Bisanzio nell’arte, nell’architettura, nell’urbanistica; nella filologia, nell’agiografia, nella storiografia; nella letteratura, nella paleografia, nella codicologia; nella storia della cultura e della mentalità. La sua ricerca, che incluse anche l’eredità bizantina nell’Italia del Sud, fu 'totale' prima che interdisciplinare. Una certa insofferenza verso le rigide etichette di settore e verso le formulazioni tortuose caratterizza i lavori di Mango, e il dono della chiarezza efficace gli venne da una sensibilità che era anzitutto visiva. Già nell’adolescenza passava giornate intere a Santa Sofia (cui avrebbe dedicato studi memorabili nella maturità) riempiendo album da disegno. Non è casuale che una fra le miscellanee di studi internazionali a lui dedicate faccia riferimento allo 'sguardo dell’aquila' ed è altrettanto naturale che da un’immagine tragga spunto il suo famoso discorso inaugurale (1974) per il ruolo di 'Bywater and Sotheby Professor of Byzantine and Modern Greek Language and Literature' all’Università di Oxford (vi restò sino al 1995). In quello scritto egli presentò la letteratura bizantina come uno 'specchio deformante', esortando studiosi e lettori a non prenderla mai alla lettera, a non abboccare alle sue finzioni anticate e alle sue maschere antiquarie che tante volte hanno indotto alla sua acritica e astorica svalutazione.

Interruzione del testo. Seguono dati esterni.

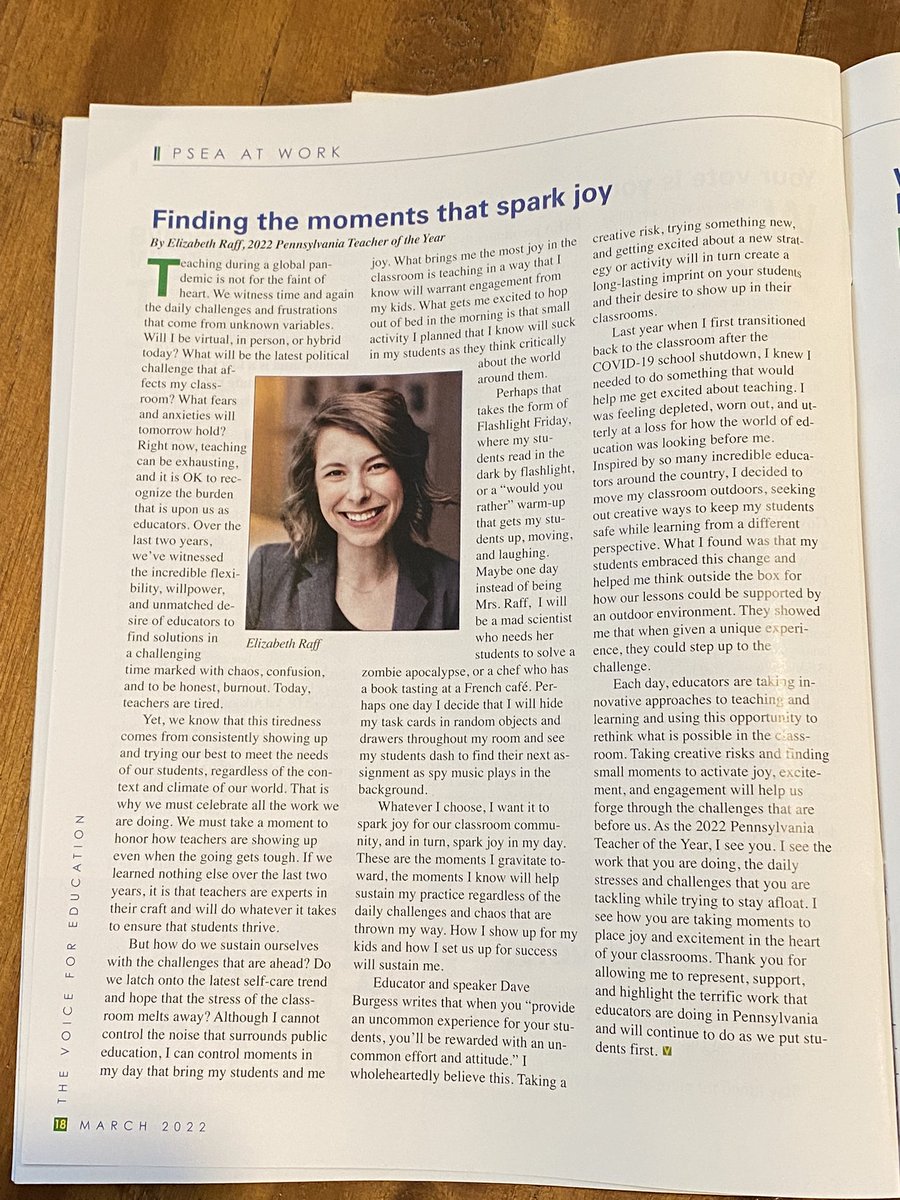 Super pumped to see <a href="/elizabeth_raff/">Elizabeth Raff</a> featured in this month’s issue of PSEA Voice!!! 🙌 #NSTOY #TeacherOfTheYear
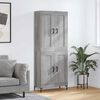 vidaXL Buffet haut Sonoma gris 69,5x34x180 cm Bois d'ing&eacute;nierie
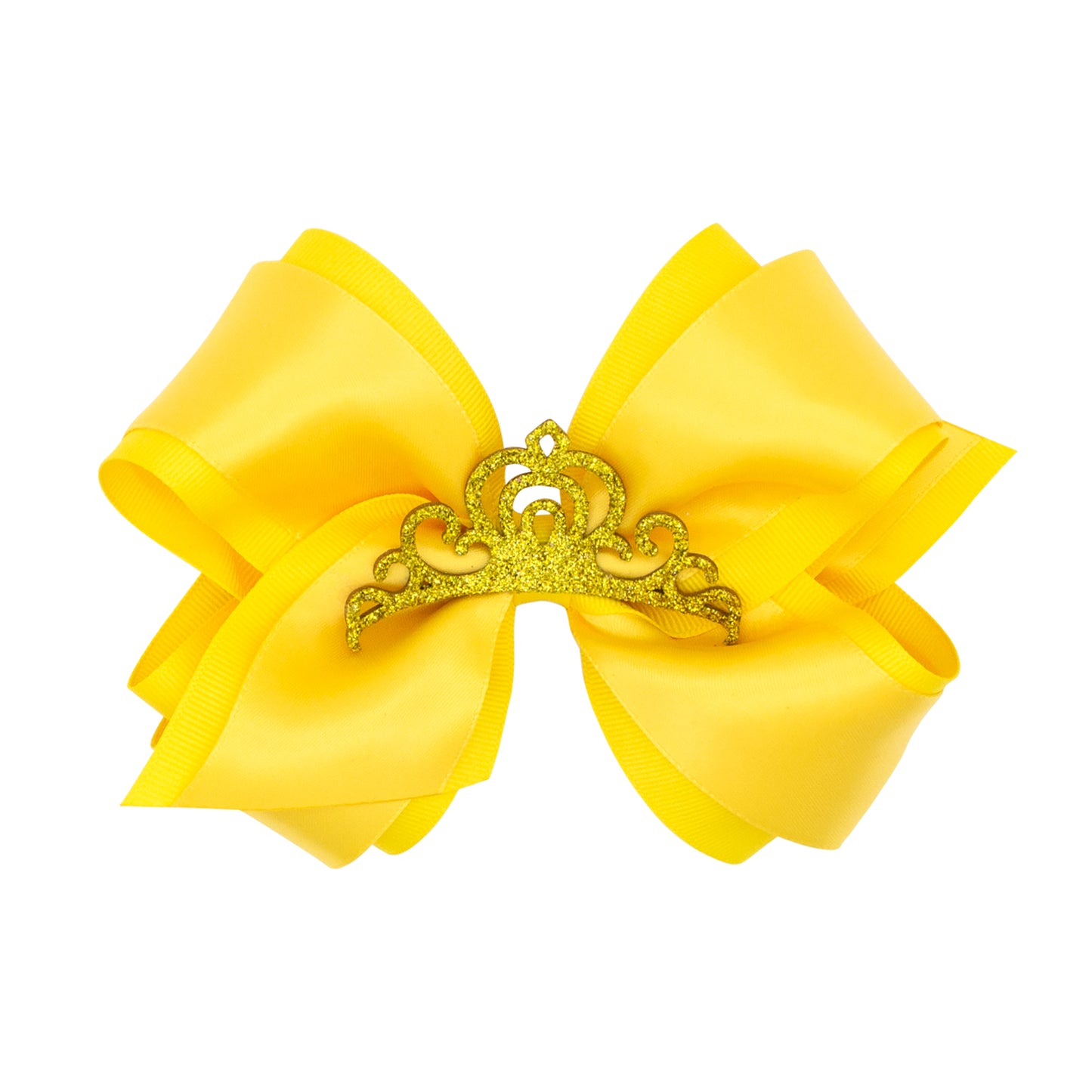 Princess Bow w/Satin Overlay and Glitter Crown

Prima degli anni di Oxford ricoprì la cattedra del King’s College londinese dedicata ad Adamantios Korais, l’ispiratore della moderna elaborazione culturale greca; però Mango avversò l’idea di una ininterrotta tradizione culturale ellenica nei millenni da Omero ai Nobel letterari novecenteschi Seferis ed Elytis. Cruciale, per lui, la frattura maturata nel VII secolo d.C., con il ridimensionamento territoriale bizantino dovuto all’irruzione arabo-islamica nel Mediterraneo e soprattutto con la fine della polis tardo antica e della continuità sociale e culturale che la animava. Il tema urbano caro a Mango si fa cogliere anche nei suoi volumi di sintesi tradotti in italiano, Architettura bizantina (Electa, 1974) e La civiltà bizantina (Laterza, 1991), dove Mango riecheggia Arnold J. Toynbee, uno dei suoi predecessori a Londra, distinguendo 'storia' dei fatti e 'civiltà' intesa anzitutto come mondo mentale. E il suo itinerarium mentis in Byzantium, grazie a una passione conoscitiva animata dalla sua inconfondibile prosa asciutta e grafica, rifugge dalle rigidità di tante histoires de la mentalité di stampo strutturalistico, attraendo anche i lettori non specialisti. Del resto un cosmopolita come lui non poteva che essere eclettico. Curioso di ogni differenza - tra gli scaffali di una biblioteca o in un atelier di pittura o di fotografia, ma anche a dorso d’asino in Cappadocia o chino sugli scavi di una Siria ancora illesa - Mango non si identificò mai con alcuna 'corrente disciplinare' né con alcuna scuola nazionale. Però c’era un luogo sul quale il suo sguardo era più acuto, e rispondeva al suo cuore: era la sua Città natale, fisica e mentale a un tempo. Bisanzio, Costantinopoli, Istanbul. L’unica al mondo a vantare tre nomi e due continenti, l’unica che si lascia rivendicare dalla sola bandiera della cultura.